27 marzo 2017
Aggiornato 02:31
Il generale rosso spinge le sue truppe

Sergio Marchionne spreme al massimo la Ferrari: «Solo due giorni di ferie»

Negli Usa si merita i complimenti di Trump perché investirà un miliardo. Ma il suo vero obiettivo quest'anno è la F1: «I ragazzi stanno lavorando senza sosta sul motore, sull'aerodinamica e sulle nuove regole. Dipende tutto da noi»
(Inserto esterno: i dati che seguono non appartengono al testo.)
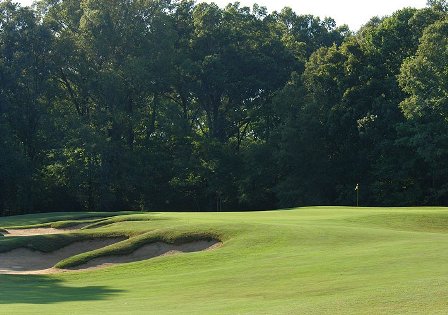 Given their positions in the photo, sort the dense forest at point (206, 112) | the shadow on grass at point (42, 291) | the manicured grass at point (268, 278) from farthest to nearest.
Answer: the dense forest at point (206, 112), the shadow on grass at point (42, 291), the manicured grass at point (268, 278)

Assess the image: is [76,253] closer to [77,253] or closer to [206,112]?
[77,253]

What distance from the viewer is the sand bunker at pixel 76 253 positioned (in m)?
25.2

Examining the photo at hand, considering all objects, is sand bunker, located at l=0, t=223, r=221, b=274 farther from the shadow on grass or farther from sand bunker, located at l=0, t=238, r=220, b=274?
the shadow on grass

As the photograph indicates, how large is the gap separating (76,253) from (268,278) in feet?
48.0

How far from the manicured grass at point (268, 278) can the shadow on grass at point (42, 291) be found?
3 centimetres

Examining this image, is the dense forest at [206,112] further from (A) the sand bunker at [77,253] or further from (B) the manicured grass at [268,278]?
(A) the sand bunker at [77,253]

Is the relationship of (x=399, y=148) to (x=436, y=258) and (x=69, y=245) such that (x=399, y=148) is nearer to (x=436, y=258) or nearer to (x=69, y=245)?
(x=69, y=245)

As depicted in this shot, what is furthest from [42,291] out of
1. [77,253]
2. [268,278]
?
[77,253]

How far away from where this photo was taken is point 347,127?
59.1 meters

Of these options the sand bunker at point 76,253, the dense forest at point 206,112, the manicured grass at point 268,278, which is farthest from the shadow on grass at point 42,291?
the dense forest at point 206,112

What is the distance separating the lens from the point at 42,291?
1850 cm

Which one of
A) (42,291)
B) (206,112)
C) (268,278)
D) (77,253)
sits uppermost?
(206,112)

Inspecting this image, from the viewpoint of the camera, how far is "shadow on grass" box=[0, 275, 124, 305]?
16.0 meters

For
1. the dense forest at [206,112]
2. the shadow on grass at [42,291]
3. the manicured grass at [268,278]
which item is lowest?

Sergio Marchionne (© Ferrari)

DETROIT – L'America, Sergio Marchionne l'ha conquistata definitivamente. Gli ottimi rapporti con l'ormai ex presidente degli Stati Uniti Barack Obama sono stati confermati anche dal suo successore eletto Donald Trump, che lo ha ringraziato pubblicamente sul suo famoso profilo Twitter per la decisione del gruppo Fca di investire un miliardo di dollari in Michigan e Ohio. Resta ancora da conquistare il resto del mondo, quello della Formula 1, s'intende. Un'impresa che allo stratega italo-canadese non è ancora riuscita, ma che farà di tutto per portare a termine nel Mondiale che si appresta a iniziare, chiedendo il massimo degli sforzi ai suoi uomini: «I ragazzi stanno lavorando senza sosta, a Natale hanno fatto solo due giorni di vacanza – ha dichiarato il presidente della Rossa nella conferenza stampa a margine dell'annuncio degli investimenti – La macchina pare vada bene, intendo che il motore al banco gira alla grandissima. Ma stavolta non ci casco, vediamo cosa succede quando l’accendiamo e quando si va in pista. Però il lavoro che stanno facendo è enorme, motore, aerodinamica, nuove regole. I ragazzi sono di una trasparenza totale. Mi informano su tutto, poi se vengono da voi a dirvi dell’altro, non lo so. Però scherzi a parte, mi informano tutto in tempo reale. E sono molto soddisfatto anche di come lavora la squadra di prodotto».

La Mercedes nel mirino
La lezione dell'anno scorso, quando il numero uno di Maranello fissò obiettivi troppo alti nel corso dell'inverno, che poi si rivelarono irrealizzabili durante la stagione, è stata appresa: «Sì, ma sapete cosa ho sbagliato io? Sono intervenuto troppo tardi sulla squadra, ma l’ho fatto per rispetto verso il lavoro dei ragazzi, li ho lasciati lavorare. Se fossi intervenuto prima, nel 2015, probabilmente l’anno scorso sarebbe andata in maniera diversa, oppure no, chi lo sa. In ogni caso sono certo che non ci saranno ripercussioni negative sulla monoposto di quest'anno». L'andamento del nuovo campionato, insomma, non dipenderà dall'imbattibile Mercedes: è la Ferrari ad avere nelle sue mani il proprio destino. «Sbagliamo se pensiamo questo – prosegue – La colpa non è la loro, che fanno il loro grande lavoro. Magari non sono simpatici, ma sono bravi. Dipende da noi, dobbiamo concentrarci su quello che dobbiamo fare per raggiungerli. Loro nelle nostre condizioni avrebbero fatto lo stesso. Cerchiamo di fargli le scarpe su misura e poi vediamo...». Intanto, un primo sgarbo è già stato portato a termine: il prepensionato campione del mondo in carica Nico Rosberg è stato fotografato a Montecarlo al volante di una LaFerrari: «Non conosco un pilota di che non guidi o non voglia guidare una Ferrari», ha gongolato Marchionne.